Estou a uns largos 6ºC da mínima de Mira  Tomar também baixou mais do pensava. 

Agora Lisboa e Porto foram literalmente duas estufas


----------



## guisilva5000 (7 Ago 2016 às 14:15)

12 UTC - IPMA

Monção:* 33,3ºC* (ainda vai disparar)
Miranda do Douro: *31,5ºC *(será igual ao flop de ontem?)
Pinhão:* 34,6ºC *(mais uma ainda por disparar)
Porto: *36,3ºC*
Viseu: *32,9ºC*
Mira:* 36,4ºC  *(a quantos é que esta já estragou?)
Penhas Douradas: *27,3ºC*
Tomar: *40,4ºC*
Lisboa: *34,1ºC*
Praia da Rainha:* 27,6ºC* (Já deve ter tocado nos 30ºC às 10 UTC, vento de SW a estragar)
Reguengos: *36,3ºC*

Acho que Lisboa está a ser um flop, o Porto está mais quente, ontem foi o mesmo.

Wunderground - Máxima

Aljezur: *32,6ºC*


----------



## Skizzo (7 Ago 2016 às 15:04)

Realmente é estranho, ainda por cima é Pedras Rubras, essa nunca é mais quente que nada


----------



## 1337 (7 Ago 2016 às 15:11)

Skizzo disse:


> Realmente é estranho, ainda por cima é Pedras Rubras, essa nunca é mais quente que nada


Não tem nada de estranho, é a melhor representante do Porto, todas as outras são RUEMAS


----------



## Skizzo (7 Ago 2016 às 15:15)

A de S. Gens é EMA, sempre foi. A de P.Rubras representa mal o Porto, e eu vivendo no Porto sei disso. Jamais uma estação longe da cidade será melhor que uma EMA que está mais perto. Seria como dizer que a de Sintra representa Lisboa bem.


----------



## Ruipedroo (7 Ago 2016 às 15:19)

Substimei tanto o Porto


----------



## AnDré (7 Ago 2016 às 15:21)

Jorge_scp disse:


> Desconfiei disso quando reparei na tua aposta... duas estações muito perto mas bem diferentes. Na estação do WU nunca terás uma inversão como na do IPMA (bem no fundo do vale onde se situa a vila de Aljezur) e também as máximas não serão tão altas...

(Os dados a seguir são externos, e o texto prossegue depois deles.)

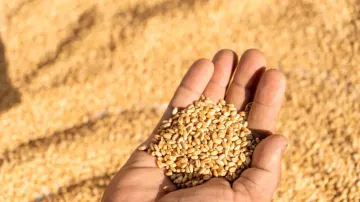 MSP for Rabi Crops 2025-26: Significant hikes announced for wheat and other items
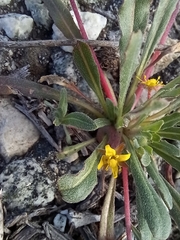 Camissoniopsis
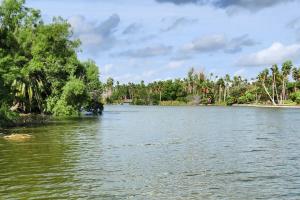 Riverfront Family Home: Yard, Orchard, Dock!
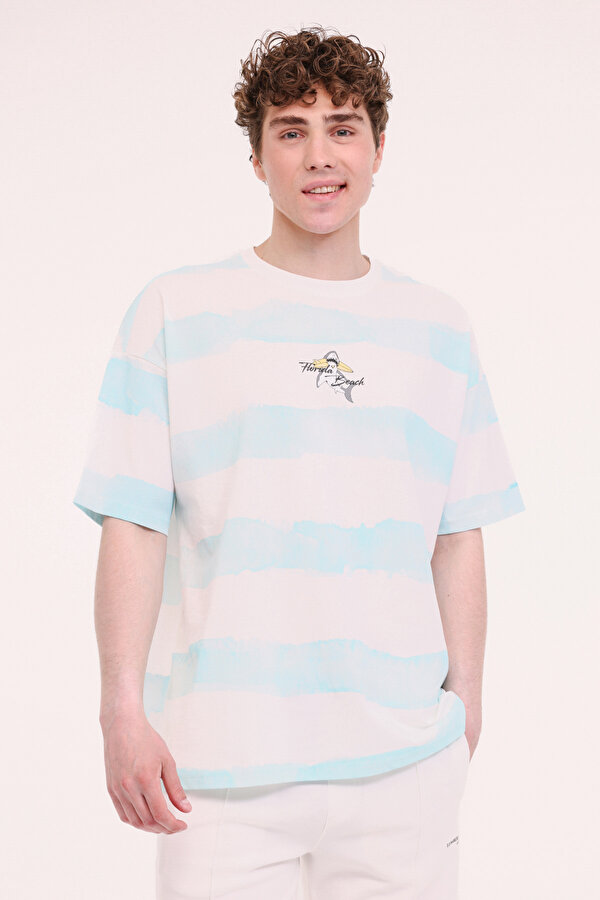 Lumberjack ML STRIPE 11HL110 5FX Mavi Erkek Kısa Kol T-Shirt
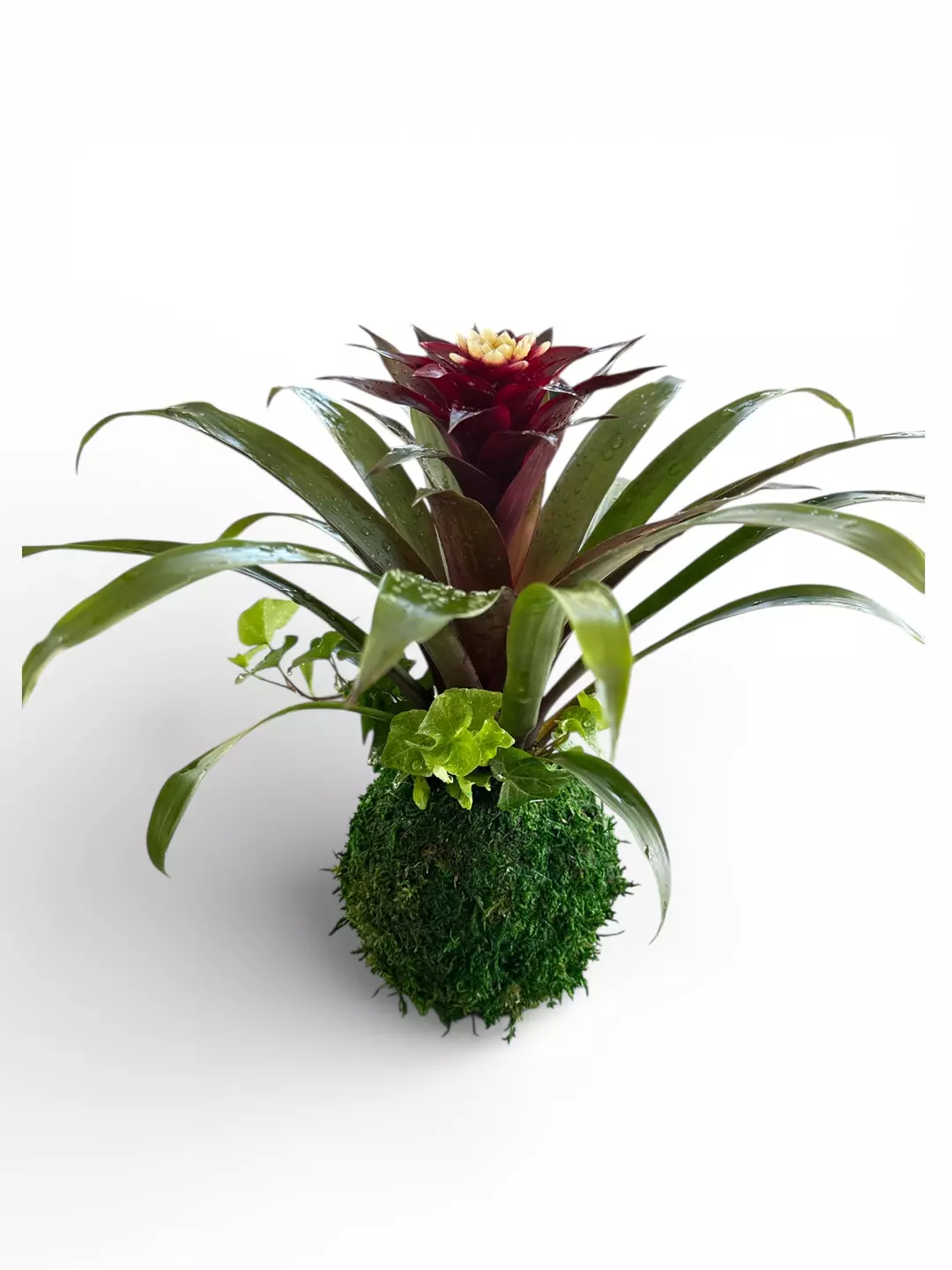 Red and white bromeliad with Ivy thumbnail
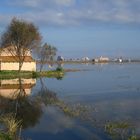 L'Albufera 1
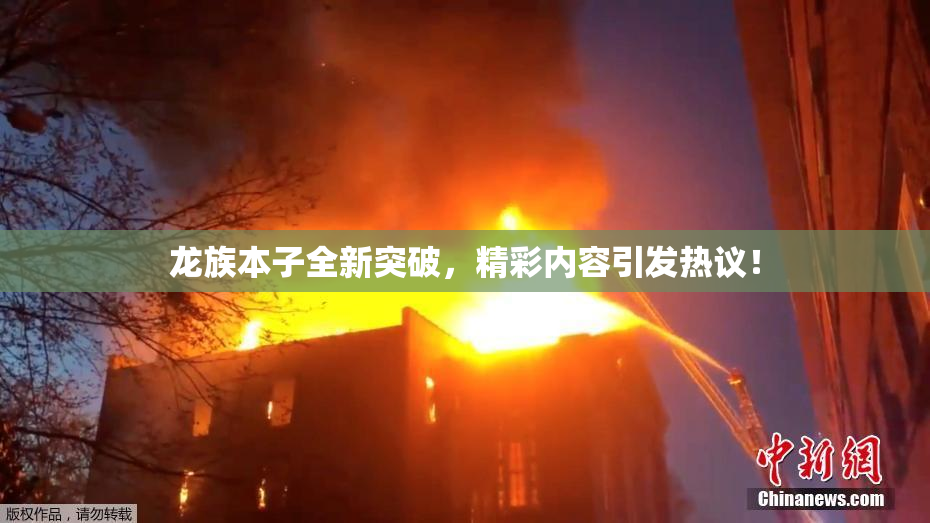 龙族本子全新突破，精彩内容引发热议！
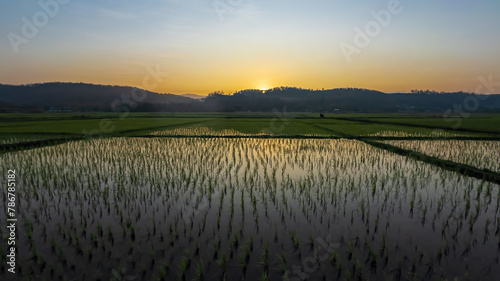 Sunrise over rice paddy field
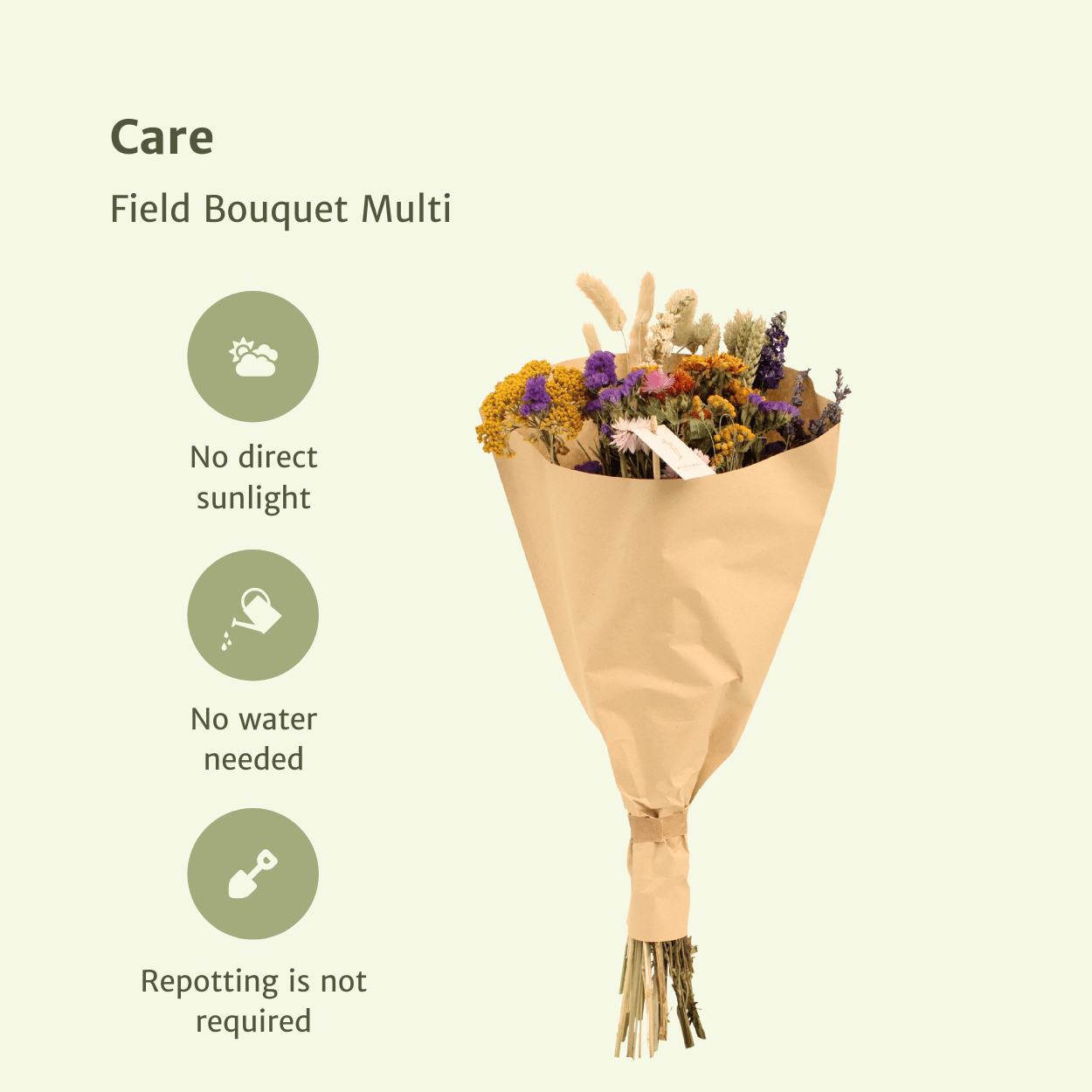Trockenblumenstrauß Feldblumen Multi – langlebige Naturdeko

Copiei o formato das apostas para um bloco de notas, e aos poucos, durante o dia, fui preenchendo no trabalho.
Devia ter lido o post todo e não somente aquela parte. 

Essa falha minha atira-me logo para o meio da tabela. Isso, a juntar à péssima prestação que tive no Porto, Mira e Miranda do Douro, afundam-me completamente na tabela. Vai ser a minha pior prestação de sempre. Quero a desforra!


----------



## guisilva5000 (7 Ago 2016 às 15:22)

Dunas de Mira - *36,7ºC* 13 UTC

Deve ser das maiores máximas da estação alguma vez registada, estando no local que está...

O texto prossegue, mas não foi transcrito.